The Storm King(106)
They circled the basement in opposite directions. Far from the mirrored alcove and overhead lights, some nooks were almost entirely hidden by shadow. Under his palms, the soundproofing material fixed to the walls and most of the ceiling felt almost organic. He groped and probed and hoped, but didn’t find anything useful.
“I’m sorry about the other night, you know?” Pete said when they both returned to the center of the room. “We were going to tag your grandma’s house. I mean, nothing really bad, I guess, but we shouldn’t have. So…” Pete trailed off and stared at his feet.
Nate waved away Pete’s apology. It was hard to imagine he’d spent a moment worrying about graffiti or broken windows.
“There’s nothing good down here,” Pete said. “Nothing to even fight him with. I mean, there are a couple forks and things in the kitchen. But—”
“There’re a lot of unhealthy-looking foods in the cabinets, and probably more in the fridge. See if you can skim off some fat and spread it on the drop cloth at the base of the stairs. Cream from those snack cakes could work, too,” Nate said. “Maybe he’ll lose his footing when he comes down and we can jump him from the sides.”
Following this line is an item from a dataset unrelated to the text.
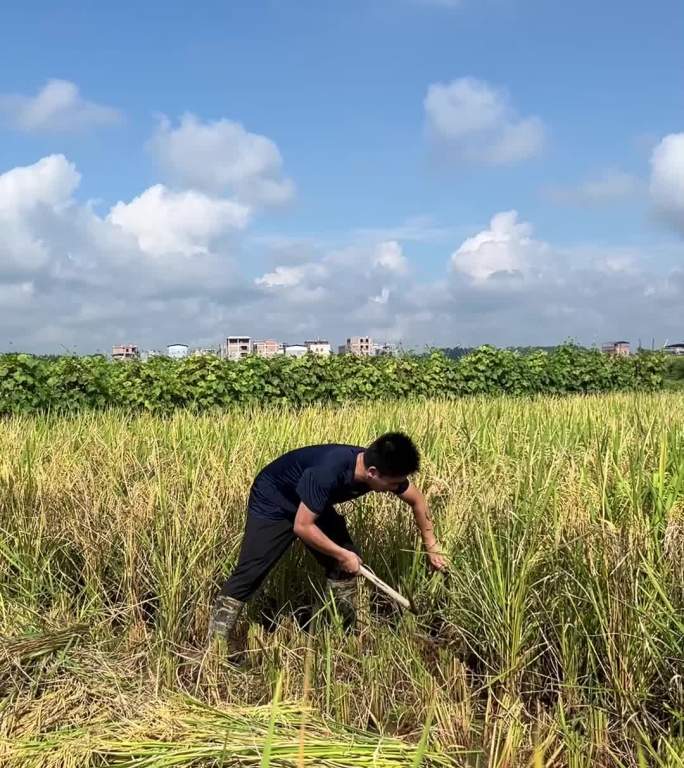 割稻谷实拍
Pete appeared to like this idea and hopped into action. At least it gave the kid something to do. Nate supposed that Owen might indeed slip on something greasy, but this wasn’t the clumsy oaf Nate recalled from high school. Perhaps Owen had never really been like that in the first place. Nate remembered him only through the eyes of a raging, narcissistic teenager, and that boy had already been proved wrong about so much. He’d thought he could do as he pleased and not reap the slightest consequence.
While Pete tore through the kitchen, Nate returned to the mirrored alcove and kicked at the gleaming walls. He earned decades of bad luck before he knocked loose a long, glittering shard that he liked the look of. It might not do much to slow someone the size of Owen, but if Nate aimed for an artery or key tendon…It wasn’t ideal, but it was something.
Nate took off his suit coat, bundled it around the base of the makeshift weapon, and rolled up his left sleeve. He traced the letters from the crook of his elbow to halfway up his forearm. Then he dug in with the tip of the shard. It was a clumsy blade for such work and Nate sliced as shallowly as he could, just into the dermis so that the lines and curves of the letters slowly filled with blood. The pain was noticeable but only a ghost of the torture reverberant from his torqued thumb.
When he was finished, he watched his final words weep crimson across the newborn skin on the underside of his forearm.
O’S BSMNT
A message written in flesh was one that could not be ignored. Owen might kill him and all the others, but he wouldn’t get away with it. The lake returns what it takes, and if it drowned Nate, it would also deliver this last message for him.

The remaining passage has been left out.